▶ **YOUR GOAL**
Without copying any picture, transcribe exactly the lines of the data below from the one containing "Automatisk Poker Kortblandare" through the one containing "Brunello Cucinelli Suede Padded Gilets".
___
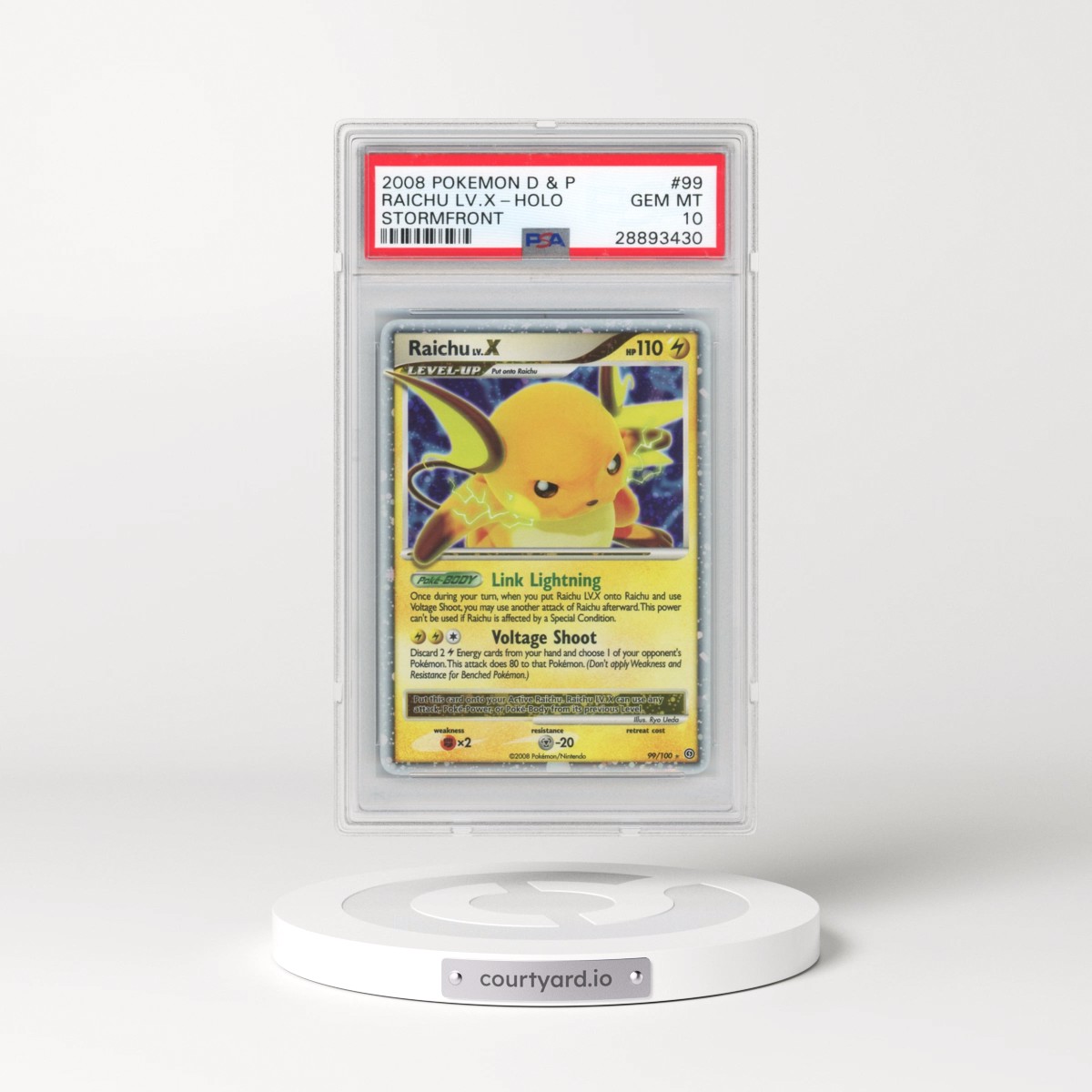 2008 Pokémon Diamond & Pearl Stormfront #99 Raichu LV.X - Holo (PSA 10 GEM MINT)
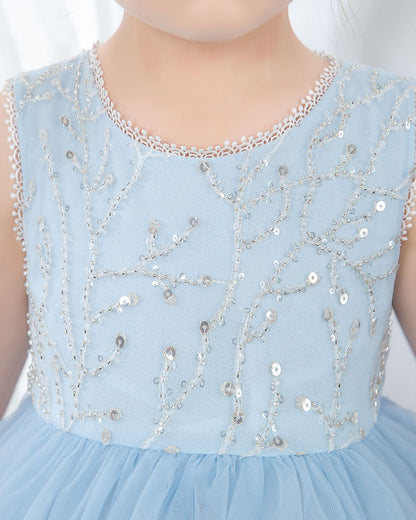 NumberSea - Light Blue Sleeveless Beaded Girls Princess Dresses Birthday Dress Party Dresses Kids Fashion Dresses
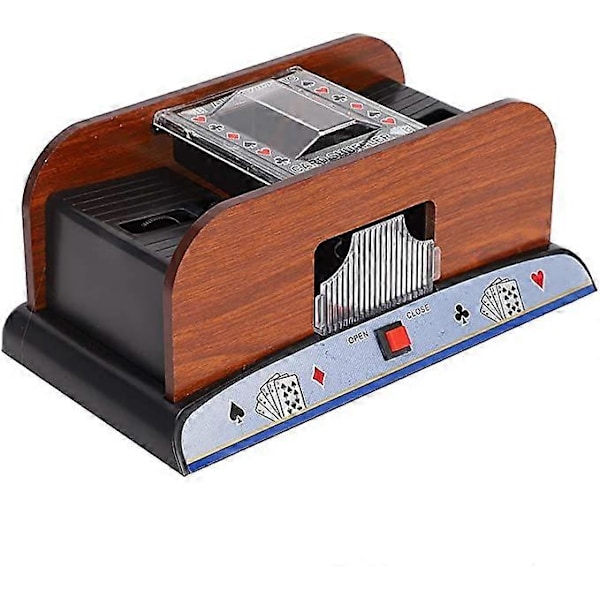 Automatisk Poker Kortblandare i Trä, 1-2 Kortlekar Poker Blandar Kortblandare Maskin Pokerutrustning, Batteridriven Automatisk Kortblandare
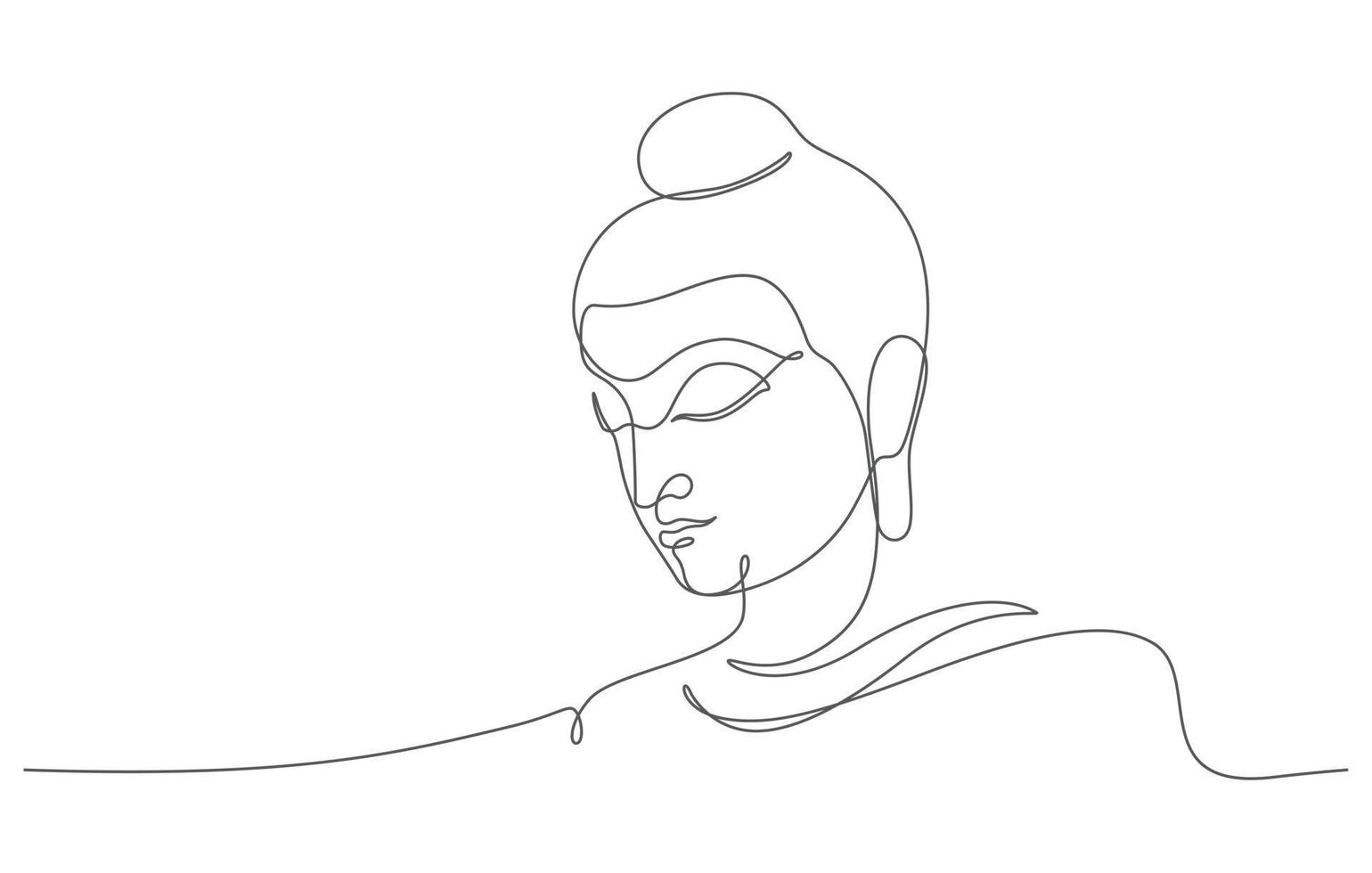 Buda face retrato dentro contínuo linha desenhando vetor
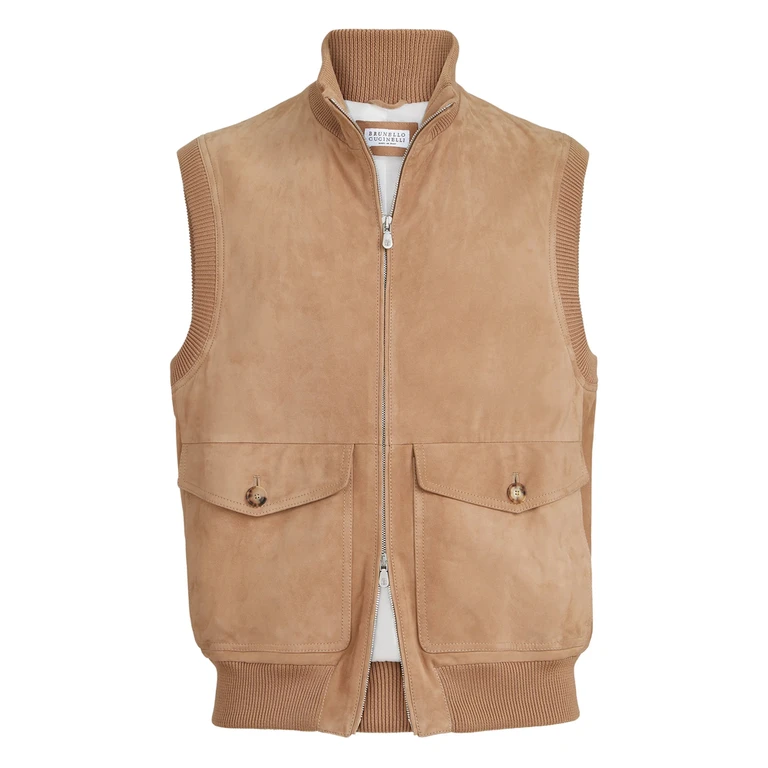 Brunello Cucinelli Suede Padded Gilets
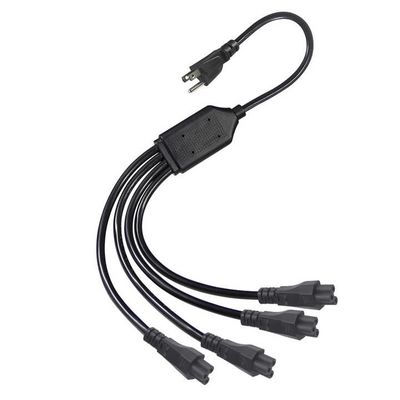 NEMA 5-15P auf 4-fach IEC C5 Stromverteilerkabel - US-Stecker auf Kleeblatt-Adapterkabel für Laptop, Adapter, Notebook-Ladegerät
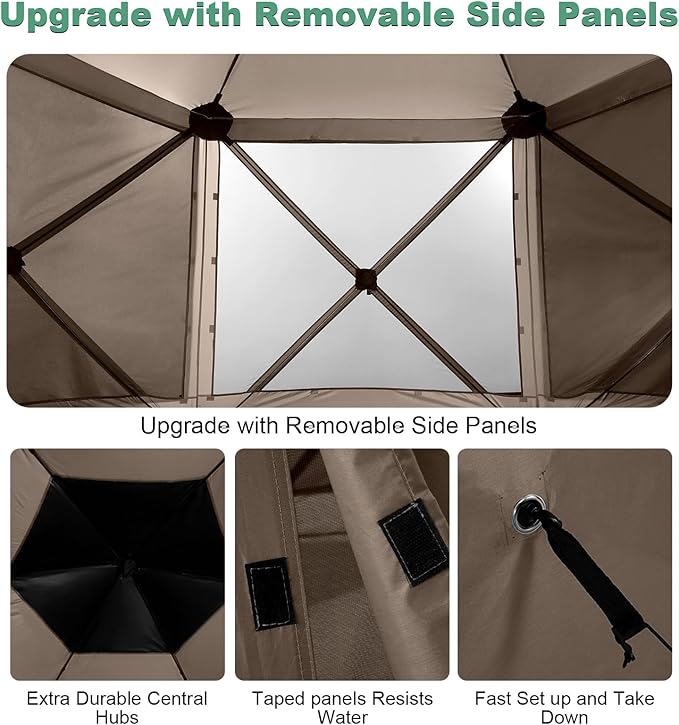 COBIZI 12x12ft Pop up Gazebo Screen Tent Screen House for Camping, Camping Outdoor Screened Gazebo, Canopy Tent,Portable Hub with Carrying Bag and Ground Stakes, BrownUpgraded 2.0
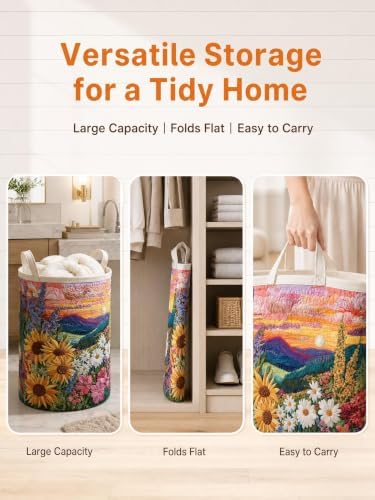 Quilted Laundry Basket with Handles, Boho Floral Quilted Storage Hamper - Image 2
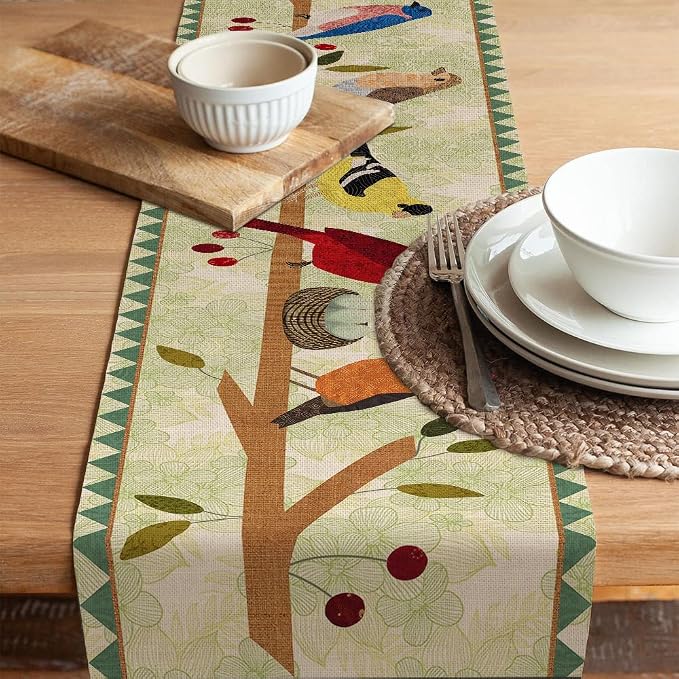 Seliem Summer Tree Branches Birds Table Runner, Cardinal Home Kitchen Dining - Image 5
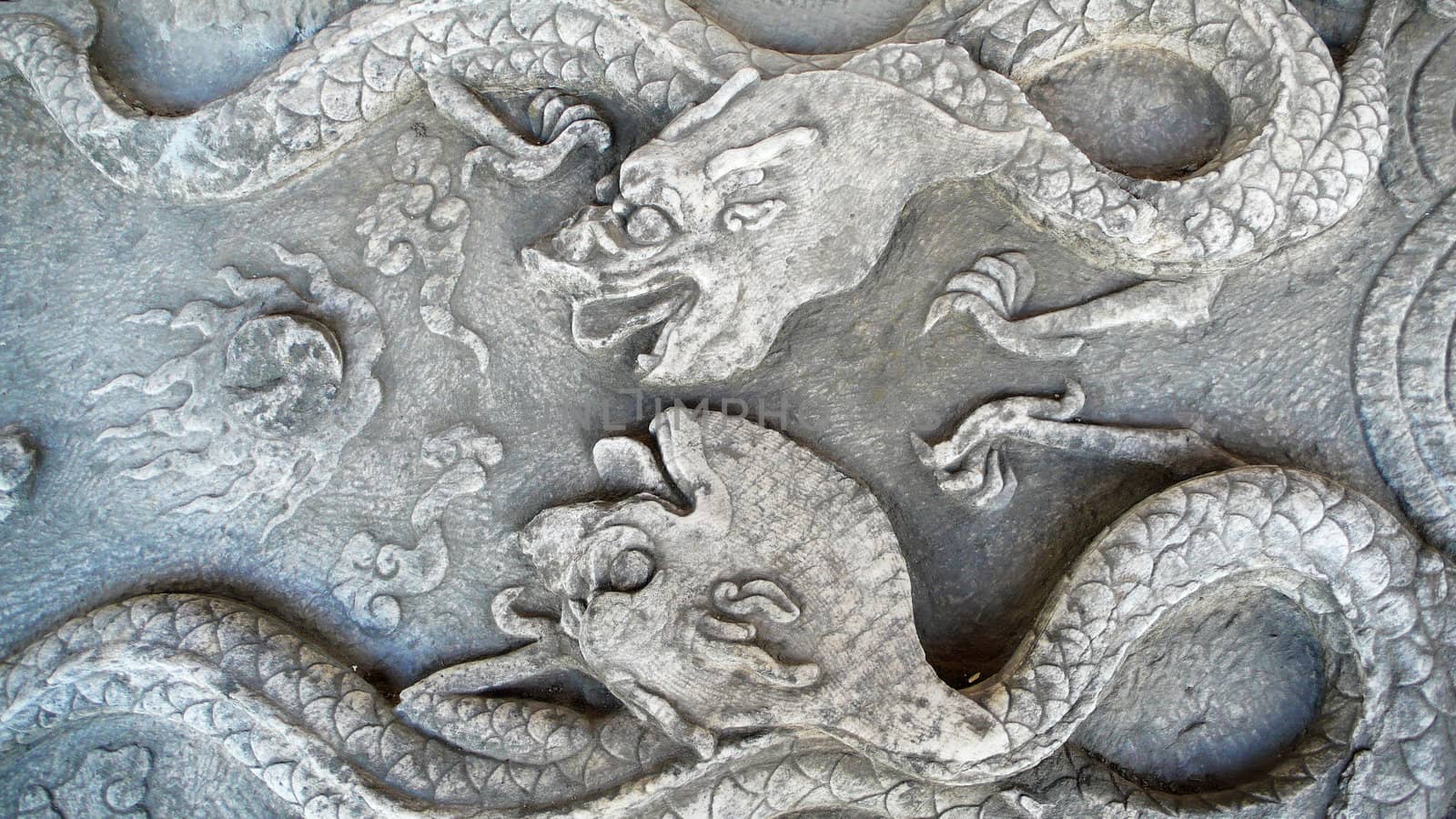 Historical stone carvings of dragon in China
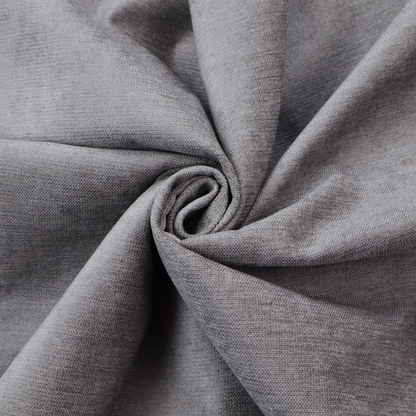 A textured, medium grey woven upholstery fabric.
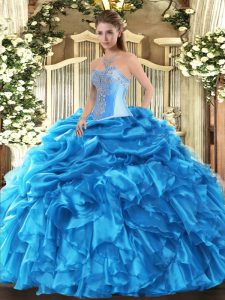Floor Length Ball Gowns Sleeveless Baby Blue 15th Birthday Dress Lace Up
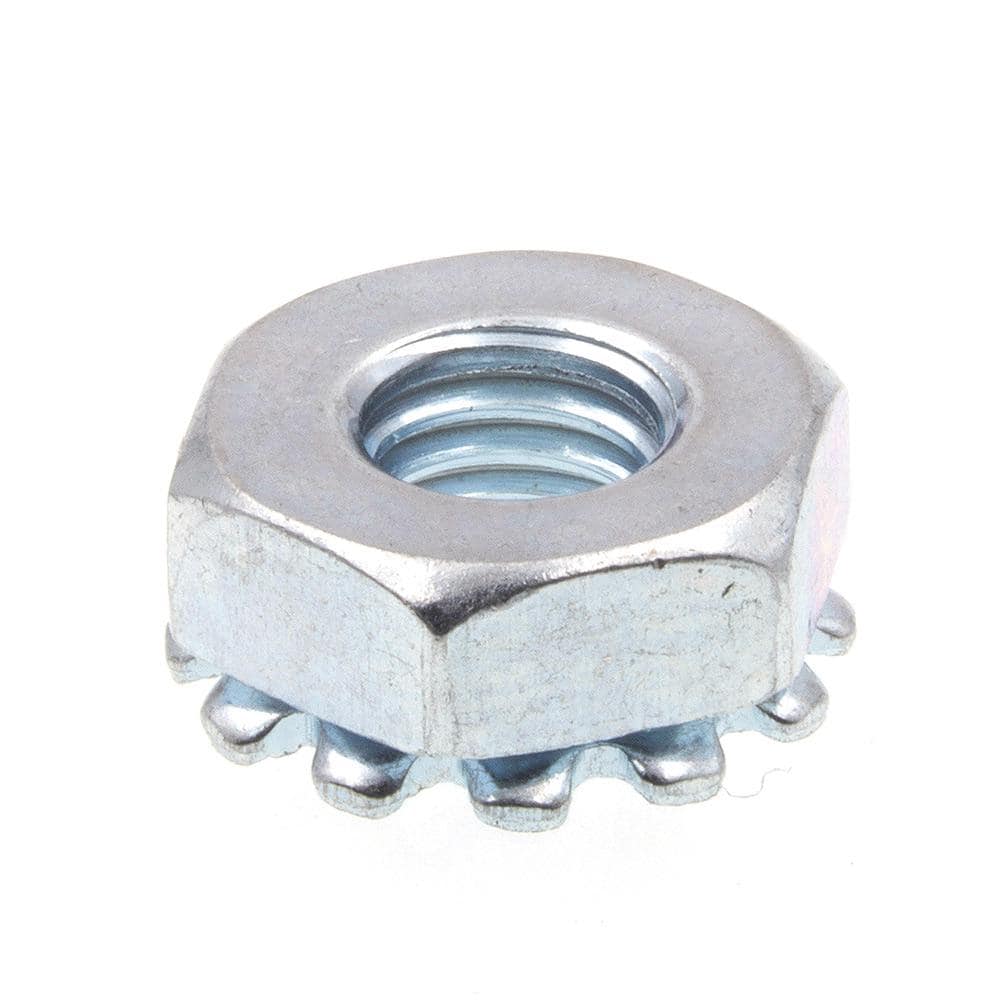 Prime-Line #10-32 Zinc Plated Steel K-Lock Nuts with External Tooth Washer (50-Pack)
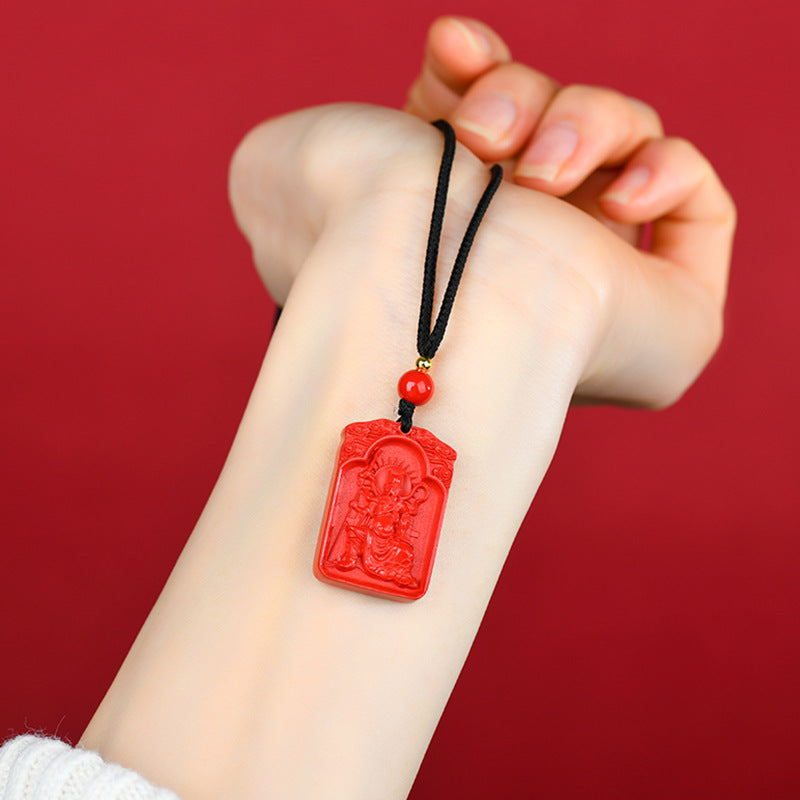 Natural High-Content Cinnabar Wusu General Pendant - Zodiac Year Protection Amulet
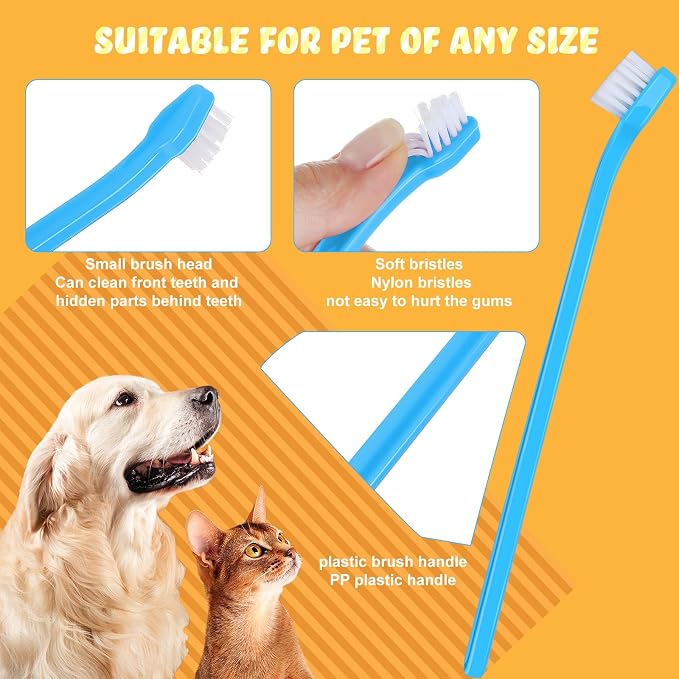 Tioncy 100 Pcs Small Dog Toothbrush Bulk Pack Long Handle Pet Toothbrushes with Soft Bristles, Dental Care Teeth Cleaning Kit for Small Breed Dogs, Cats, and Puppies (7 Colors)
___
▶ **ANSWER TO THIS EXERCISE**
 Automatisk Poker Kortblandare i Trä, 1-2 Kortlekar Poker Blandar Kortblandare Maskin Pokerutrustning, Batteridriven Automatisk Kortblandare
 Buda face retrato dentro contínuo linha desenhando vetor
 Brunello Cucinelli Suede Padded Gilets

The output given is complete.